State, events or both

Given our strive towards an event-based microservice architecture, it was easy to premier events over state. Therefore, the primary way of serving data is events on Pub/Sub. However, events are great for time-series immutable data. For slowly changing mutable data there is a need to “bootstrap” the initial state, as events since the beginning of time were not available. Our oldest customers have been with us for more than 20 year and not necessarily have been updated since then, and hence not available as an event.

We introduced a state dump concept which is a batch dump of the current state of all data. It is also an event like others with the same message format just that it is triggered, not by a change in data, but from the system itself either on request or on a schedule. Initially, we published the state dump on Pub/Sub (and still do in some cases), so basically just push out the whole dataset on Pub/Sub. After a while we also introduced a state dump in Cloud Storage, so writing all messages as JSON lines in a bucket. The latter gave more control to the consumer to decide when to load a state dump and also improved performance. However, the logical structure of the message was exactly the same.

Depending on the nature of the data it is either served as state or as events or both. Small slowly changing datasets tend to be easier to serve as state dumps and are done so on a daily basis. Larger datasets are served as events, with a one-off state dump whenever necessary.

Domain-orientation — light

At Nordnet, we are (still) a central data team developing and maintaining the Data and Analysis platform. Even though the data team is not domain-oriented, the sources of data are. It would be a missed opportunity not to let this domain organisation propagate through to the Data and Analysis platform.

Domains

We have created an architecture/structure where each domain has its own module within a central repository. The domains can be deployed independently of each other. While these domains still are maintained by a central team, it’s an easy shift to put the responsibility on the domain team. In practice, this is implemented on GCP as one BigQuery dataset per domain, one service account per domain, etc.
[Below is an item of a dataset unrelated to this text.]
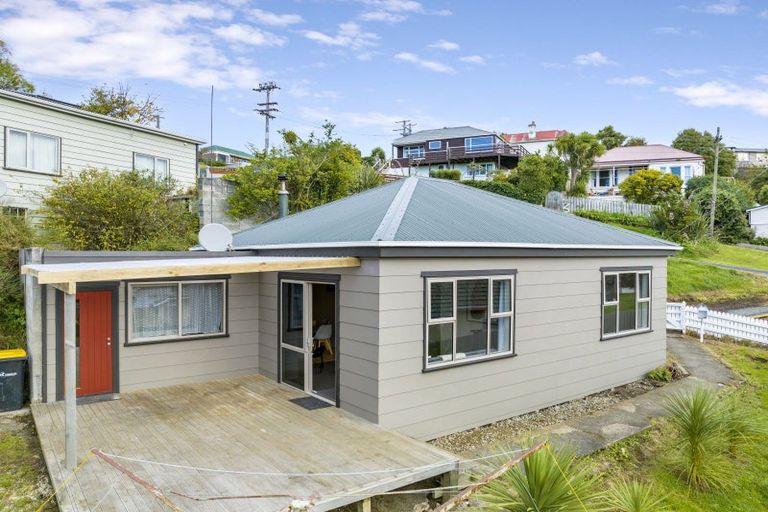 Photo of property in 4 Daly Street, Port Chalmers, 9023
We have domains like market-data, insurance and mortgage. However, we found that some data is difficult to categorise into a business domain, e.g. our tracking data spans multiple (business) domains and has therefore no natural home. Therefore, we recognize a need for platform domains in addition to the business domains.

Cross domain access

One of the purposes of the data warehouse is to enable insights where data is easily joined from different sources. How can we do this without creating spaghetti dependencies? Our approach to this was to version tables in BigQuery and basically treat them as APIs. The team owning a domain can rollout changes without coordinating with all consumers of the data. They make sure an old version and new version is available for a period of time, when consumers can be shifted over to the newer version. Once all consumers have upgraded the previous version can be removed.

Final words

Nordnet comes from a history of business intelligence and analytics and is still at the start of using the data for ML/AI and more product focused use cases. This has also influenced the architectural design and our Data and Analytics platform could probably be more labelled as a domain-oriented data warehouse than a data mesh. However, with the architecture described here, we believe we can more easily scale up our data initiatives in the future, and begin shifting towards a truly distributed Data Mesh when we need to.

Since the first version of this article was written, many months has passed by. GCP has introduced a number of services such as Analytics Hub and Data Plex which supports many of the ideas behind data mesh. Also I have moved on and do no longer work for Nordnet, but I know the initial ideas and the architecture behind the Analytics Platform is taken well care of.